A meta é reduzir a dependência de Refis sucessivos e premiar empresas que cumprem obrigações.


Onde o texto acerta

1. Enfrenta grandes esquemas de evasão

Operações como Carbono Oculto e Poço de Lobato revelaram fraudes bilionárias envolvendo combustíveis, fintechs e até financiamento de facções criminosas.
O projeto tenta fechar brechas e reduzir o terreno fértil para esse tipo de atuação.

2. Promove concorrência justa

Empresas que “crescem” deixando dívidas para trás criam uma vantagem artificial sobre quem paga tudo corretamente.
O projeto busca nivelar esse jogo.

3. Incentiva a cultura de compliance

Hoje, muitas empresas só ajustam tudo quando o problema explode.
Com incentivos positivos, o governo tenta criar uma lógica de regularidade preventiva.


O ponto cego: o pequeno empresário pode sair ferido

Aqui entra o calcanhar de Aquiles do projeto — e também a parte que mais preocupa o micro e pequeno empreendedor.

❗ 1. Falta de distinção clara entre “apagão de caixa” e má-fé

Pequenas empresas enfrentam sazonalidade, calotes, queda de vendas e custos fixos altos.
Esse cenário pode gerar atrasos involuntários e temporários, que nada têm a ver com sonegação estruturada.

Mesmo com mecanismos de autorregularização, existe o temor de que critérios subjetivos acabem enquadrando pequenos negócios que atravessam momentos difíceis.

❗ 2. O peso psicológico e financeiro de mais um risco

Para quem vive no fio da navalha — pagando imposto sobre nota emitida, não sobre dinheiro recebido — qualquer ameaça de sanção extra vira motivo de angústia.

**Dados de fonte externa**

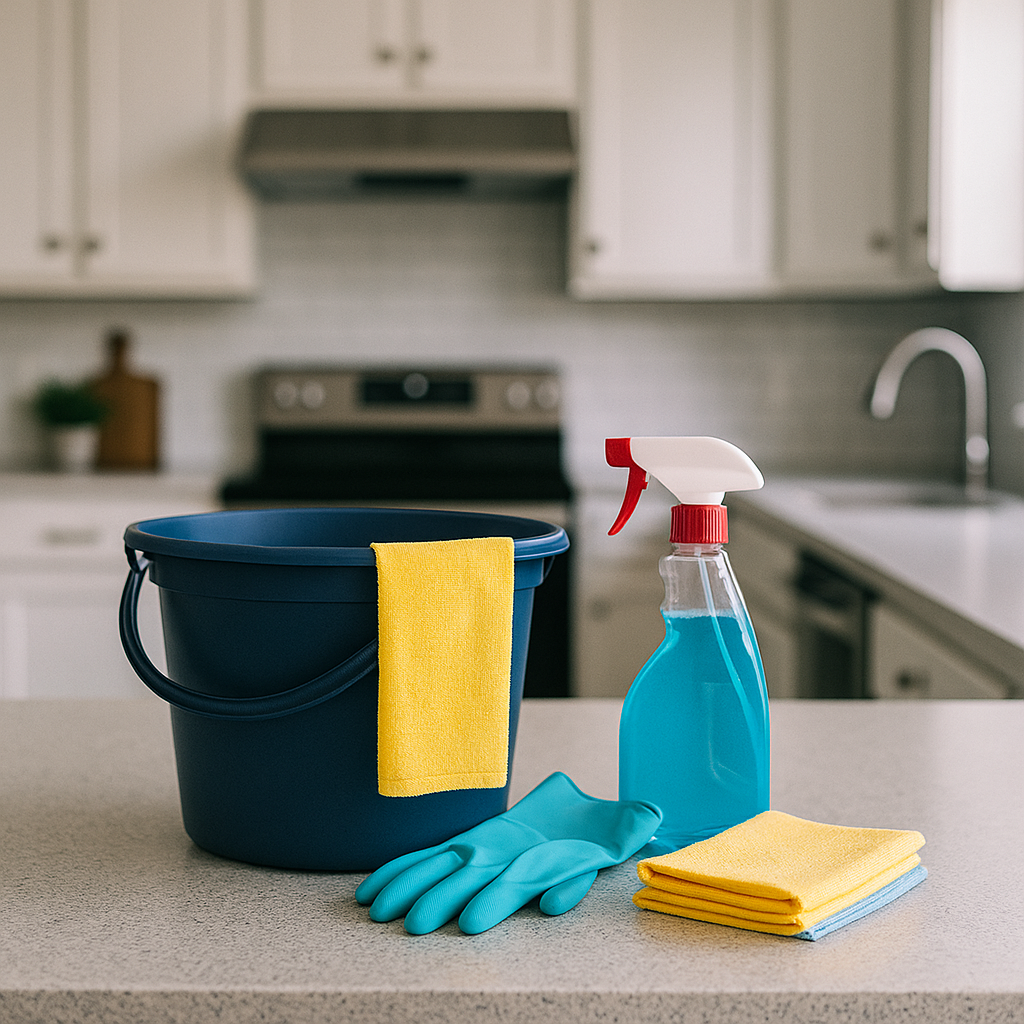 Modern kitchen counter with folded towels and a spray bottle in a clean, neutral-toned setting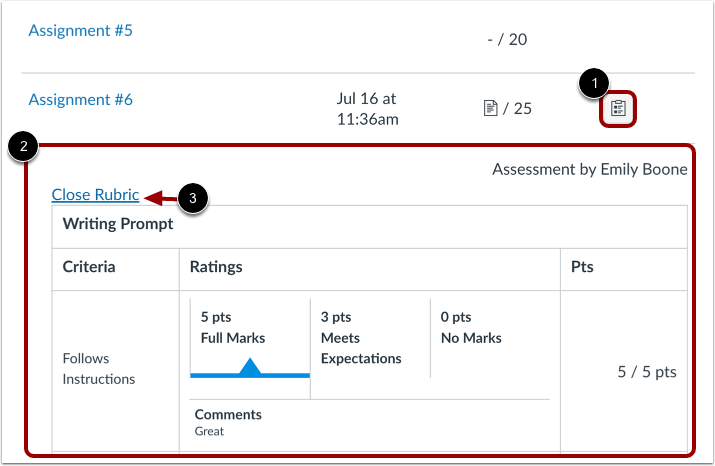 View Feedback in Grades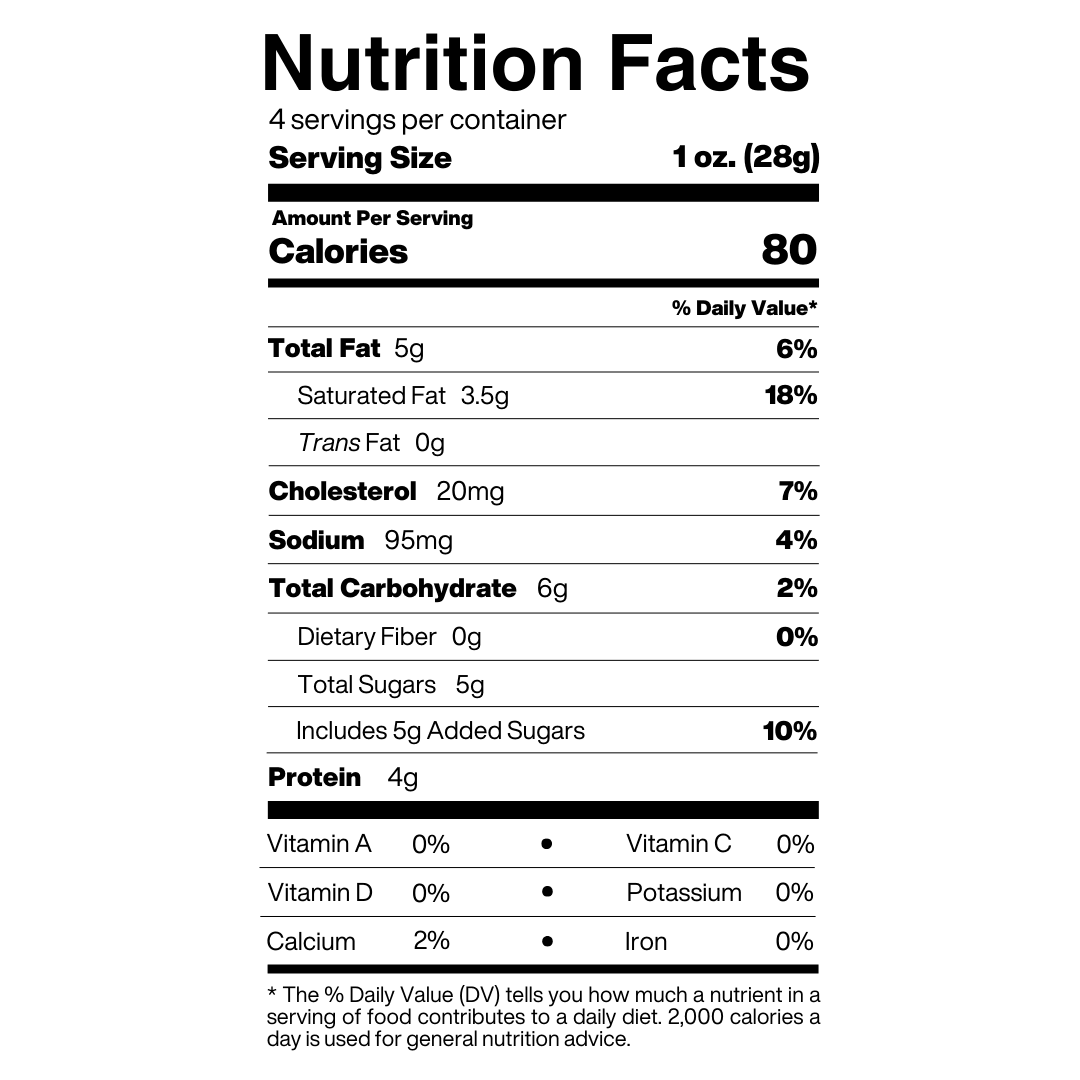 Goat Cheese with Cranberry Cinnamon Nutrition Facts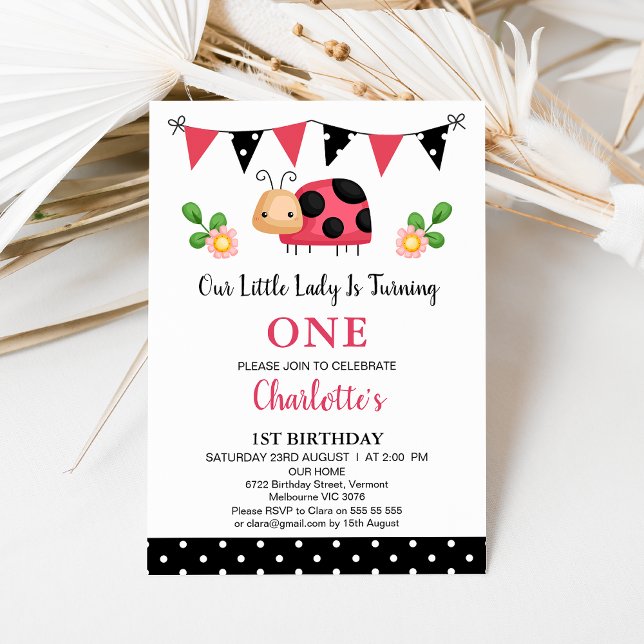 Convite Negra Vermelha Nossos primeiros aniversarios de Da (Polka Dots Ladybug Birthday Invitation Template Girl, Ladybug Themed 1st Birthday Invitation Bunting)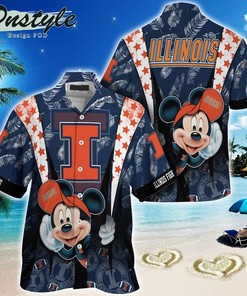 NCAA Illinois Fighting Illini Mickey Mouse Hawaiian Shirt - Unique Gift For Fans 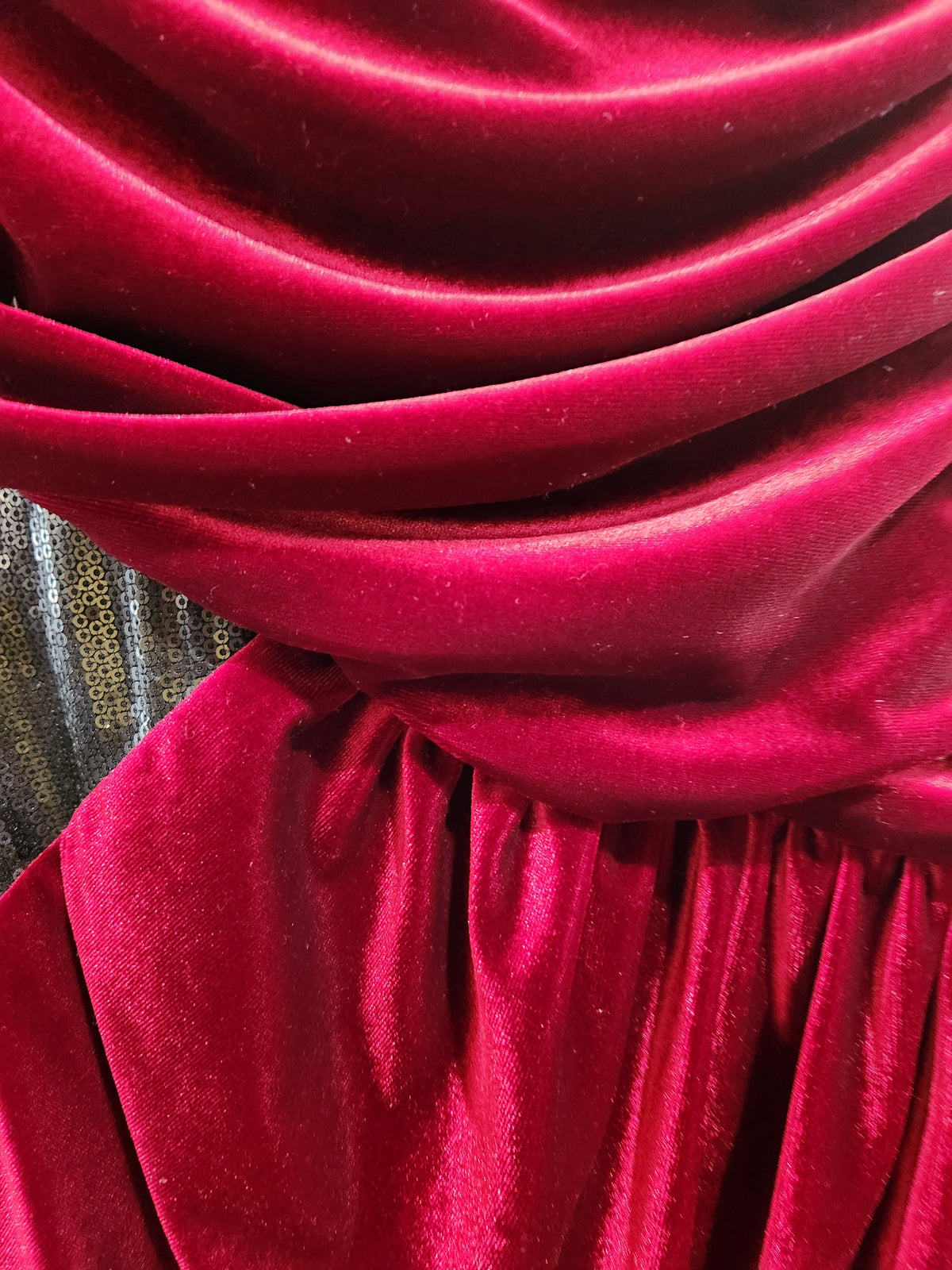 Bebe Velvet Drape Cocktail Dress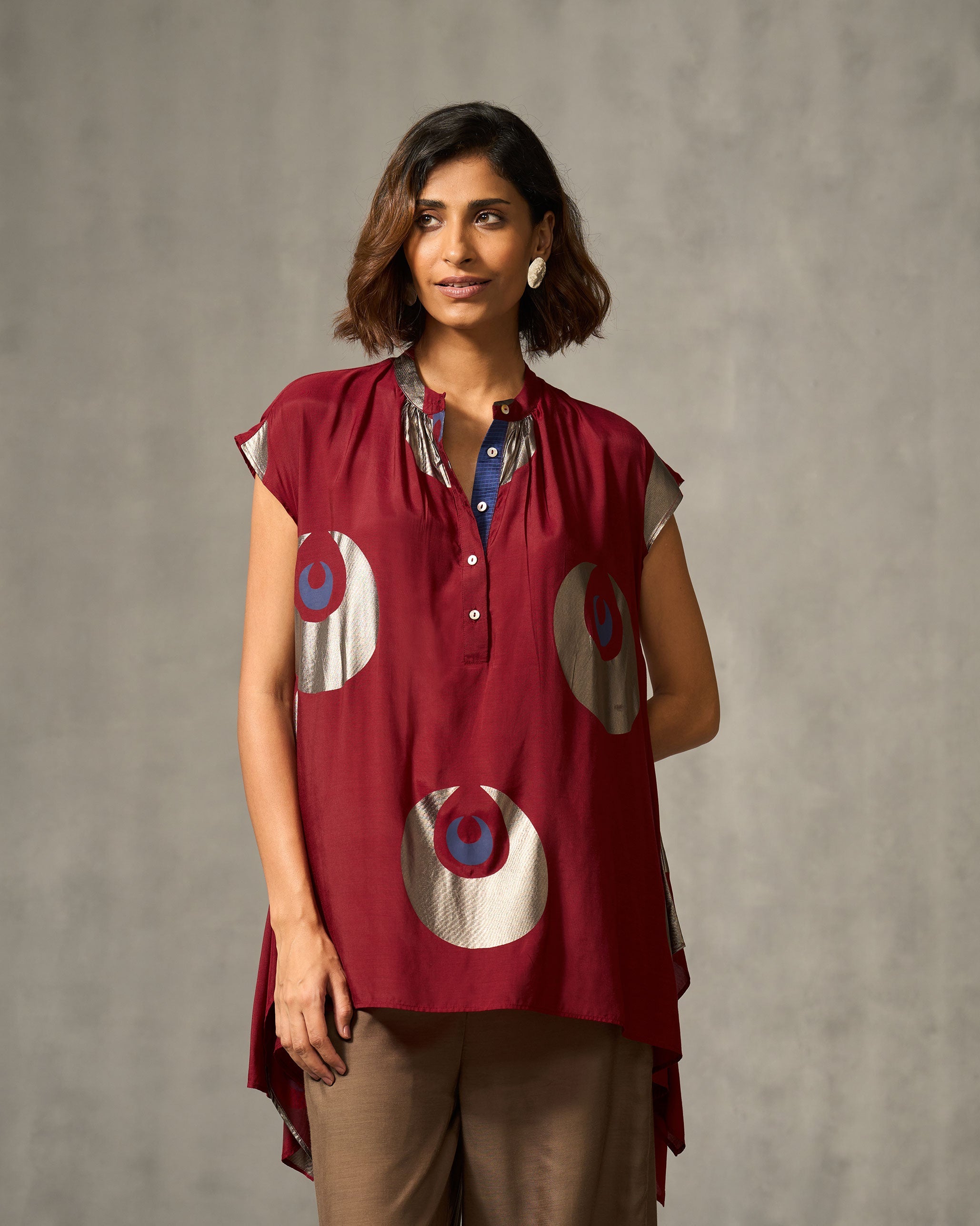 Shukran Asymmetrical Top - Red & Navy Print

Em vez de focar nos grandes conglomerados que usam dívidas como estratégia, há receio de que a fiscalização acabe onde sempre acaba:
no pequeno, porque é mais fácil de alcançar.

❗ 3. A promessa de incentivos pode não chegar igualmente a todos

Redução da CSLL e programas de conformidade são avanços, mas nem sempre microempresas têm estrutura para cumprir todos os requisitos de compliance exigidos.

Resultado?
Os grandes recebem selo, vantagem competitiva e benefícios.
Os pequenos ganham mais uma lista de obrigações.


O que especialistas defendem

  • Regras mais claras que diferenciem “dificuldade temporária” de “inadimplência estratégica”

  • Critérios proporcionais ao tamanho da empresa

  • Programas de conformidade adaptados a MEI, micro e pequenas

  • Foco da fiscalização em operações fraudulentas e não em negócios locais tentando sobreviver

Porque, no fundo, justiça fiscal só existe quando a régua é proporcional.


Impacto econômico esperado

Segundo o parecer:

  • Aumenta previsibilidade

  • Reduz vantagem competitiva de quem sonega

  • Estimula concorrência por mérito

  • Melhora segurança jurídica

  • Enfrenta fraudes transnacionais em cooperação com outros países

  • Fortalece o combate ao crime organizado que usa evasão fiscal como financiamento

Todos avanços necessários — desde que a execução não recaia, de novo, sobre quem já carrega o maior fardo.


Então… o projeto é bom ou ruim?

Bom na intenção.
Promissor na arquitetura.
Arriscado na implementação.

Se aprovado com critérios sensíveis à realidade do pequeno empresário, pode ser um marco de justiça tributária.
Se não, vira mais um capítulo da história de quem tenta empreender no Brasil e, mesmo sendo honesto, passa a vida desviando de armadilhas criadas por um sistema que deveria ajudá-lo — não puni-lo.